Our final data set comprised high-profile provisions, those talked about in the popular press and cited in prior subjectively focused academic research (Koski & Horng, 2007; Moe, 2005, 2009). Table 9 lists the “cherry-picked” provisions included in our final analyses. These provisions should adequately capture a district’s “visible” restrictiveness.
One of the strengths of the PIIR method is that it is highly objective; that is, researchers do not determine a priori which provisions should receive the most weight in the analysis. Thus, it may seem counterintuitive to apply the PIIR method to a subjectively chosen subset of provisions. However, many researchers only have access to data on high-profile provisions—for example, the National Council on Teacher Quality (2009) maintained a publicly available database of high-profile provisions for 150 large districts across the country—and the PIIR method can still generate an objective measure of CBA restrictiveness given the subset of provisions considered. The question we investigate, then, is whether high-profile provisions contribute to the same latent restrictiveness as the full range of provisions.
Restrictiveness Estimates and Internal Validity Assessment
We have described our data and a method of analysis (PIIR) that yields a measure of restrictiveness based on all provisions. This measure should capture the content of negotiations and reflect the underlying complexity of forces affecting a bargaining relationship. How restrictive are the 270 teacher contracts in the state of Washington, and does the PIIR estimate produced from all provisions correlate with PIIR estimates that rely on a reduced set of provisions, particular subsets of provisions, or particular cherry-picked provisions utilized in prior research? In this section, we present restrictiveness estimates for every CBA in our data set and discuss the relationship between measures of restrictiveness relying on various data subsets.
We use our item response data to obtain a “restrictiveness” measure for each contract and each provision in all 270 of Washington’s CBAs. Restrictiveness estimates obtained via fixed effects logit PIIR are presented in Column 2 of Table 10. All results have been standardized to have mean 0 and standard deviation 1 within each model.16 Therefore, the magnitude of each coefficient should be interpreted in standard deviations of restrictiveness; for example, the CBA in Aberdeen School District is 0.24 standard deviations less restrictive than the average CBA in the state when we use the full range of provisions in our data set (column 2, Table 10). Column 3 of Table 10 displays each district’s restrictiveness estimate based on the objectively reduced data set described above. Column 4 of Table 10 provides district restrictiveness estimates based on the “cherry-picked” set of provisions identified in Table 9. Columns 5 to 12 of Table 10 present results by subsection of the CBA (the categories corresponding to each column are listed at the end of Table 10.)

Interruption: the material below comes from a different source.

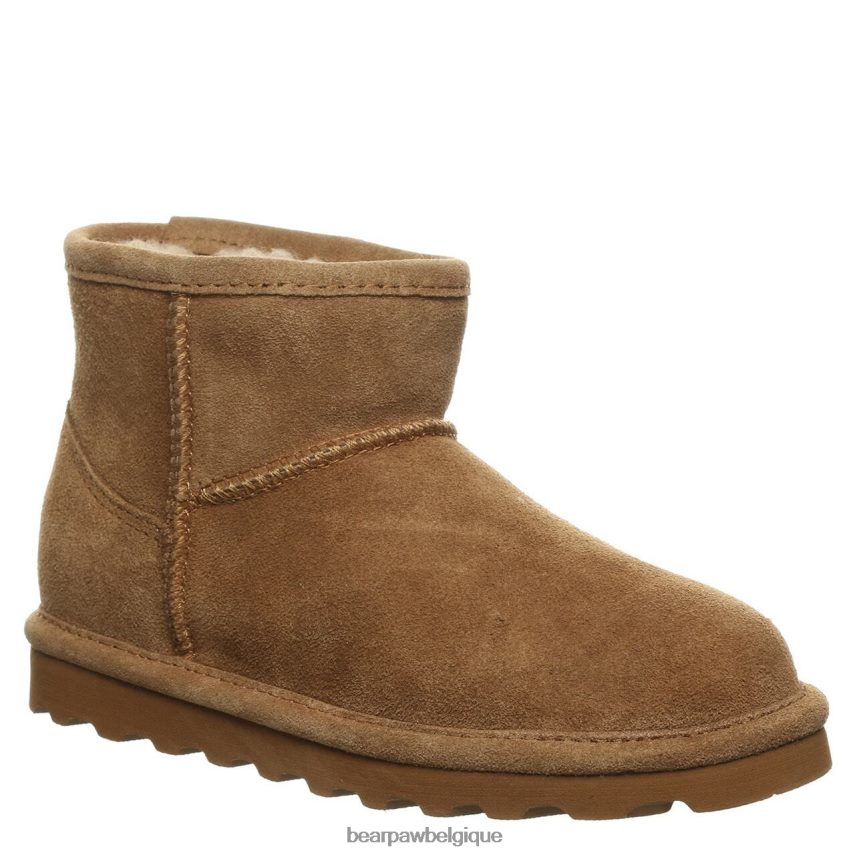 BEARPAW Alyssa jeunesse enfants 6PN848566 hickory bottes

Table 11 displays the correlations between the PIIR estimates calculated from each subset of data. This presentation should be considered a first attempt at assessing the internal validity of the PIIR measure. Comparisons highlight similarities and key differences between estimates based on different subsets of data. The correlations are generally high, suggesting that latent restrictiveness in one category is predictive of latent restrictiveness in another category or in the contract as a whole.
The exceptions are restrictiveness in grievance policies (which is only weakly correlated with other subsets) and layoff policies (which is negatively correlated with estimates from other categories). Researchers who rely on grievance and layoff policy as a proxy for “union power” should take note as these results suggest that provisions from these contract subsections may capture another dimension of bargaining and lead to misleading results. That said, note that the restrictiveness estimates using only hiring and transfer policies are somewhat highly correlated (r = .59) with estimates based on the full sample. This gives evidence that prior work focusing only on these provisions (Koski & Horng, 2007) may be capturing a measure of restrictiveness similar to a measure relying on the full range of provisions.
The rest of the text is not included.